La Cour estime donc que, lorsqu’un travailleur a conclu avec un même employeur plusieurs contrats de travail, la période minimale de repos journalier s’applique à ces contrats pris dans leur ensemble et non à chacun desdits contrats pris séparément.

La Cour de Justice de l’Union Européenne rappelle au point 36 de son arrêt que le droit de chaque travailleur à une limitation de la durée maximale du travail et à des périodes de repos, notamment journalier, constitue non seulement une règle du droit social de l’Union revêtant une importance particulière, mais est aussi expressément consacré à l’article 31, paragraphe 2, de la charte des droits fondamentaux de l’Union européenne, à laquelle l’article 6, paragraphe 1, TUE reconnaît la même valeur juridique que les traités.

Elle rappelle ensuite la définition des temps de travail et temps de repos tel qu’il découle de la directive de 2003, et que ces deux notions étaient exclusives l’une de l’autre.

Il est important de rappeler, à ce stade, que cette jurisprudence ne concerne pas les SPV qui ont un contrat de travail avec leur SDIS et un deuxième avec un autre employeur, privé ou public. Mais il est plus que très probable que la CJUE, dans ce cas, trancherai de la même manière, pour les mêmes raisons.

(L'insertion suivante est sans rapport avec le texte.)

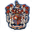Castle Rising logo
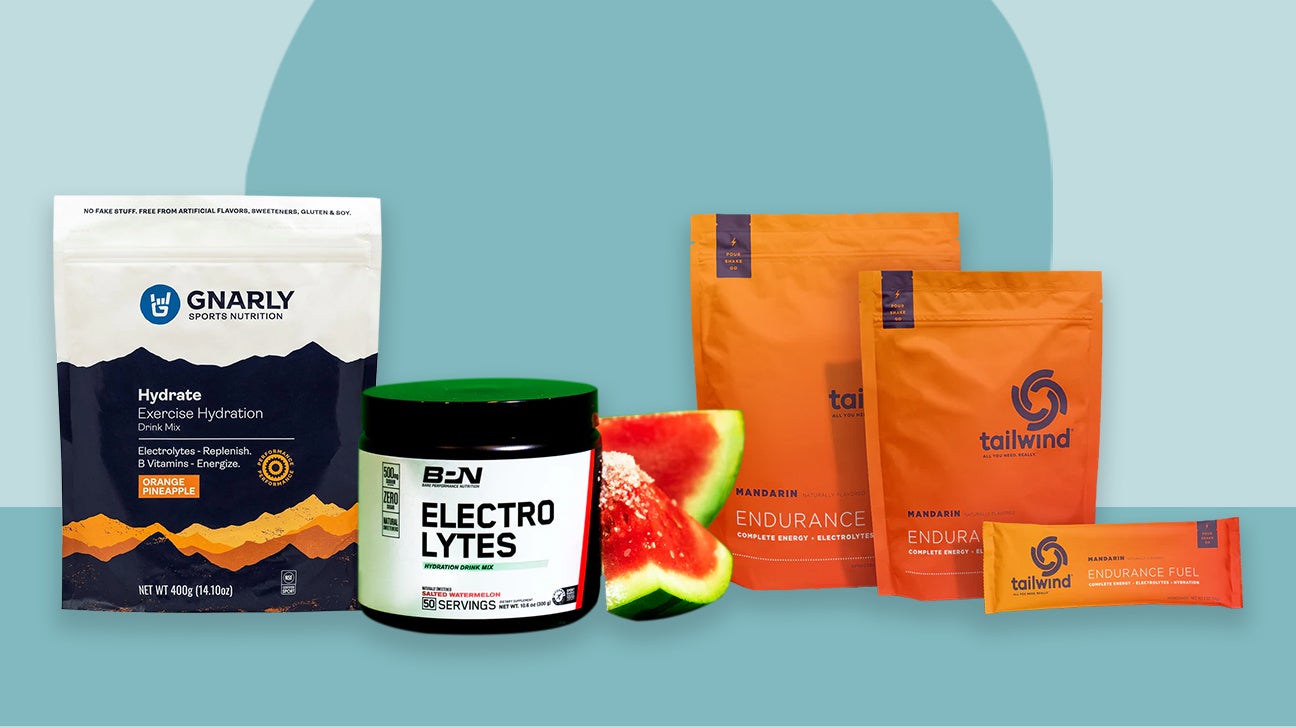 果乾水哪種配方最適合熬夜後喝？高效提神醒腦莓果檸檬椰子活力飲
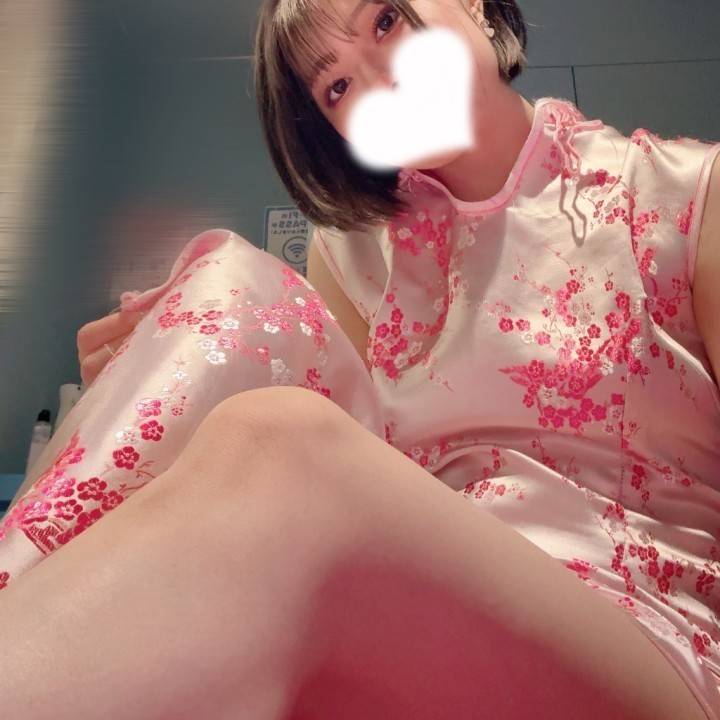 水戸④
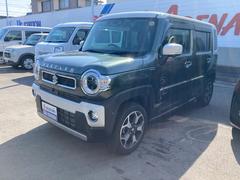 �ȣФ��������������꤬�Ȥ��������ޤ������Ҥκ߸ˤ�����ϡ��쳤�������٤Ǥ���Źĺ�������֤��ǧ���Ƥ������������˸¤餵���Ƥ��������ޤ����ʼ�����������⳰���򤴳�ǧ��������Ǽ���ξ塢���������������١� 2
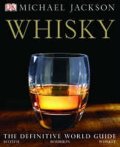 neuveden: Whisky
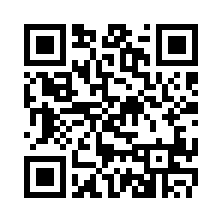 QR Code for bitcoin:1F6T69vqkd4pUePuP6bNrnEQtDTCPuNa1Z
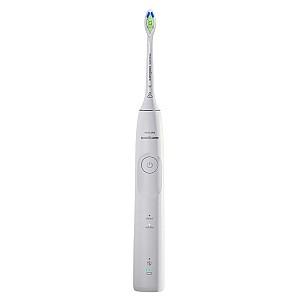 Periuta electrica de dinti Philips HX7110/01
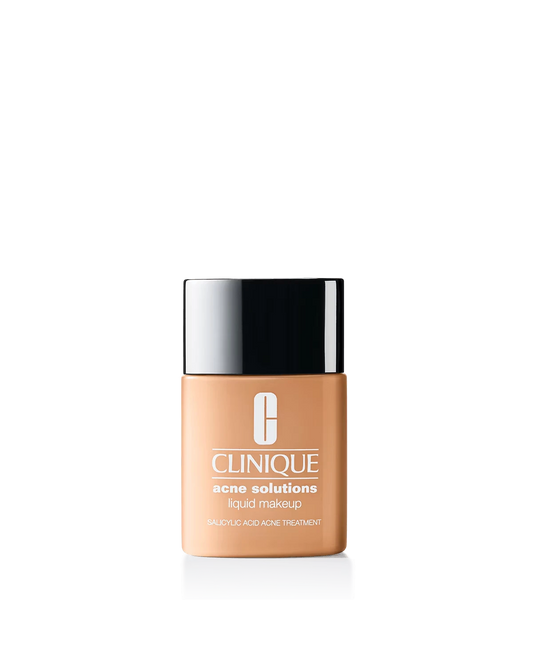 Acne Solutions™ Liquid Makeup - US 9199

Les doubles statuts dans les SDIS, qu’ils soient sapeur-pompiers, PATS ou infirmier ou médecin, ont un contrat avec le SDIS pour leur activité principale et un autre contrat de volontaire, avec le même employeur. Ils sont donc concernés par cette jurisprudence.

A cet égard, il est important de rappeler la recommandation N° 8 du rapport de la Cour des compte de mars 2019 :

8. adopter un plan de mise en conformité de l’organisation du temps d’activité des sapeurs-pompiers volontaires avec le droit européen et mieux encadrer les activités et le temps de repos des sapeurs- pompiers sous « double statut » (SPP/SPV) [État et SDIS] ;

 Il est aussi important de rappeler un point clé des conclusions de ce rapport réalisé par des magistrats : 

Si le sapeur-pompier volontaire est indéniablement un « travailleur » à qui les protections minimales de la directive européenne 2003/88/CE du 4 novembre 2003 doivent en principe s’appliquer, ce n’était pas là l’option défendue jusqu’à présent par les pouvoirs publics. Il leur appartient désormais de tirer les conséquences de la décision de la Cour de justice de l’Union européenne du 21 février 2018 qui a le mérite de révéler les ambiguïtés du modèle français. En l’état du droit, le scénario de la mise en conformité avec le droit européen apparaît incontournable à court terme. Il est essentiel à cet égard que l’État, les SDIS et les collectivités territoriales identifient les conséquences organisationnelles et financières de l’application de la directive et évaluent le risque de requalification des astreintes.